Supplied data

________________________________________

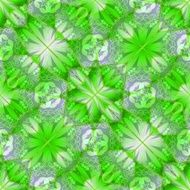 Classic geometric floral patterns in vivid green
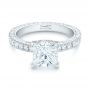  Platinum Custom Pave Diamond Engagement Ring - Flat View -  103358 - Thumbnail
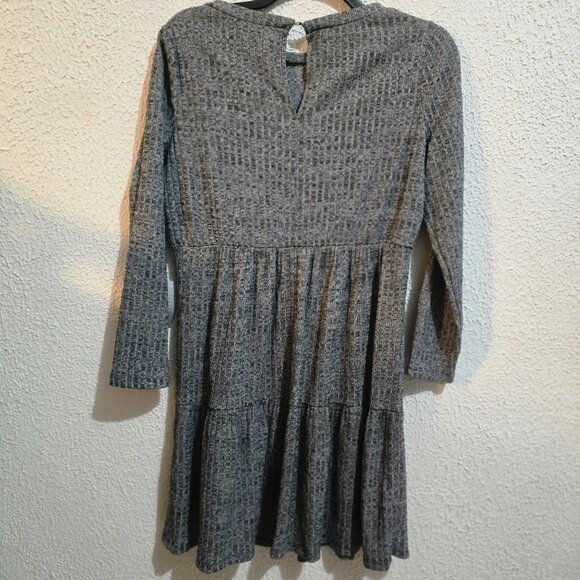 NWT Maggy London Womens Gray Textured Long Sleeve Tiered Dress Size 12 - Picture 6 of 10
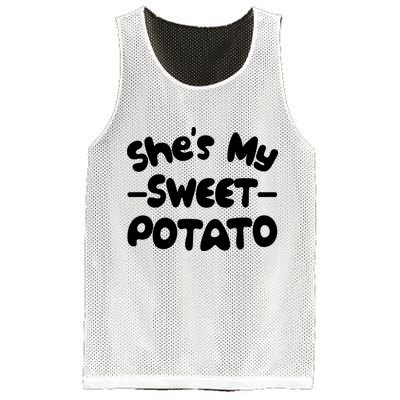 Cute Matching Couples She's My Sweet Potato Mesh Reversible Basketball Jersey Tank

________________________________________

What to work on
Leave out the images and copy all remaining data word for word.

Response
 Classic geometric floral patterns in vivid green
  Platinum Custom Pave Diamond Engagement Ring - Flat View -  103358 - Thumbnail
 NWT Maggy London Womens Gray Textured Long Sleeve Tiered Dress Size 12 - Picture 6 of 10
 Cute Matching Couples She's My Sweet Potato Mesh Reversible Basketball Jersey Tank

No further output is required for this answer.